Saturday, April 11, 2026

Governments Have Been Using Religion to Control People Since the Beginning of Civilization

 The oldest trick in the book of power is not money. It is not armies. It is not law.


It is God.


Tell people that you rule because God chose you. Tell them that questioning you is questioning God. Tell them that the social order they live under is divinely ordained and therefore sacred. Tell them that suffering in this life is rewarded in the next.


That idea has been used by rulers to control populations since the first cities were built in ancient Mesopotamia five thousand years ago. It is still being used today. And understanding that history changes how you see every government that has ever claimed God was on its side.


How It Started in Mesopotamia


The first cities in human history were built between the Tigris and Euphrates rivers in what is now Iraq. The Sumerians, the Babylonians, the Assyrians. Each of these civilizations built their political structures directly on top of their religious structures.


In Mesopotamia, kings were human representatives of the city-state's patron deity, and priests took care of the temple cult. It was nearly impossible for politics to stay away from religion and vice versa, so both spheres of influence worked in tandem.


The king did not just claim to be chosen by the gods. The king claimed to speak for the gods. The priests backed that claim in exchange for power and wealth. And the people had no framework for questioning it because the entire world they understood was organized around the same religious ideas.


The Code of Hammurabi in Babylon, one of the oldest known legal documents, begins with a declaration that Hammurabi was chosen by the gods to bring justice. Laws were often believed to be divinely ordained, making them sacred and unchallengeable.


Think about what that means. Not just that the king made the laws. That the laws came from God. Disobeying a law was not just a crime. It was a sin.


How Egypt Took It Further


Ancient Egypt took the concept of divine kingship further than almost any other civilization.

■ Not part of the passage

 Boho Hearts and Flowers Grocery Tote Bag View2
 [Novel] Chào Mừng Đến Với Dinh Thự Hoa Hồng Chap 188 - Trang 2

The outstanding feature of Egyptian society during its long history was that the king was considered to be of divine essence, a god incarnate. Egyptians identified the king as Horus, king of the gods, and each successive king took a Horus-name upon his succession.


The pharaoh was not chosen by God. The pharaoh was God. Living among the people in human form.

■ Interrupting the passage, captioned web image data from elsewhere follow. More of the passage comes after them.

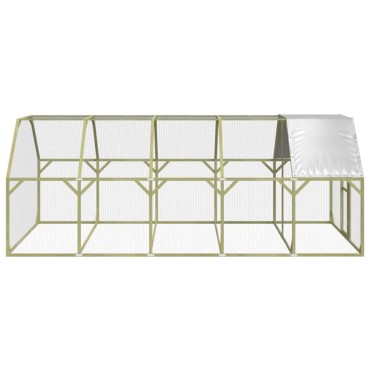 vidaXL Κοτέτσι 268x500x190 εκ. από Μασίφ Εμποτισμένο Ξύλο Πεύκου
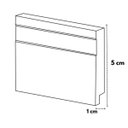 Ver imagem 2 de Rodapé Poliestireno 5cm Frisado 51005 Arquitech 2,4 Metros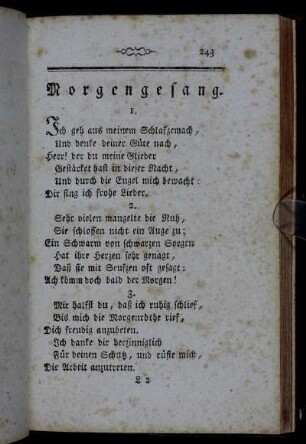 Morgengesang. - Nach dem Ite Missa est.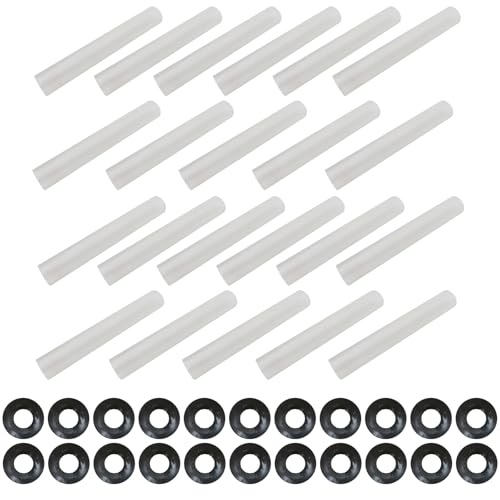 BUTITNOW Updated 22-Pack Garage Door Hinge Quiet Roller Sleeves Hardware Tools Roller and Shaft Gaskets (ID-11mm; OD-11.90mm; L-80mm)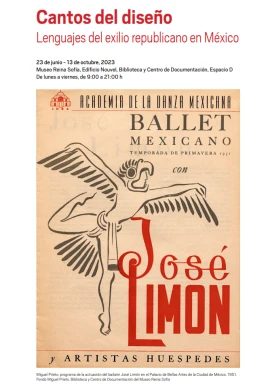Hoja de sala: Cantos del diseño. Lenguajes del exilio republicano en México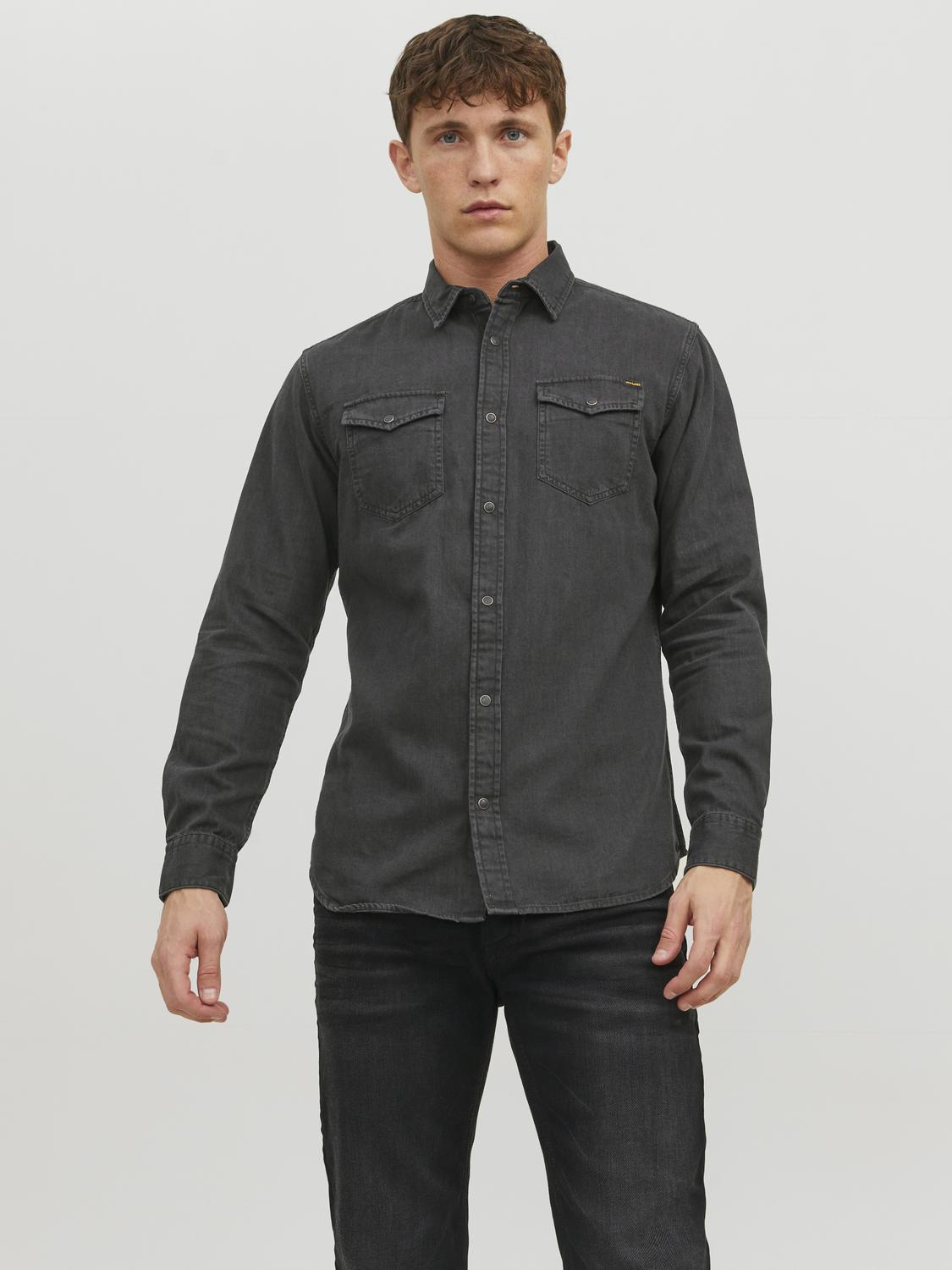 JJESheridan Shirt L/S - LANGE SKJORTER -  - Hr Ravn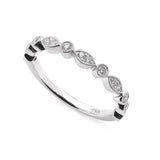 18K White Gold 0.25tcw Ladies Diamond Band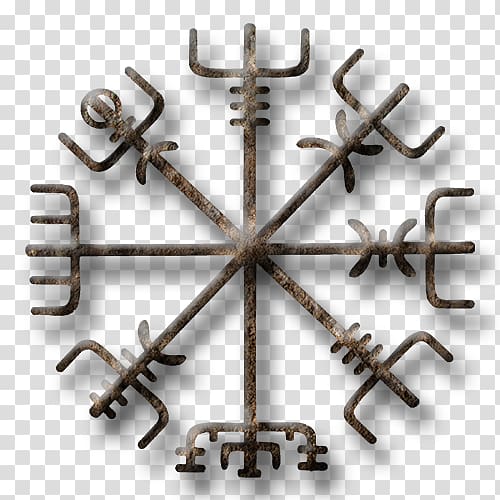 Viking Age Runes Vegvísir Old Norse, vegvisir transparent background PNG clipart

That is an extraordinarily powerful political tool. You cannot overthrow a god. You cannot petition a god to change his policies. You cannot vote against a god. The entire framework of legitimate political challenge collapses when the ruler is not a representative of divine authority but divine authority itself.


And it worked for thousands of years. The Egyptian state lasted longer as a continuous political entity than almost anything in human history precisely because this framework made resistance almost unthinkable.


How Rome Used It


Rome was more sophisticated about it. The Roman Republic had its own religious structures but the emperors took it further.


An imperial cult is a form of state religion in which emperors are worshipped as demigods or deities. The practice began formally under Augustus and spread across the Empire within decades, with the Roman Senate holding the power to officially declare a deceased emperor divine.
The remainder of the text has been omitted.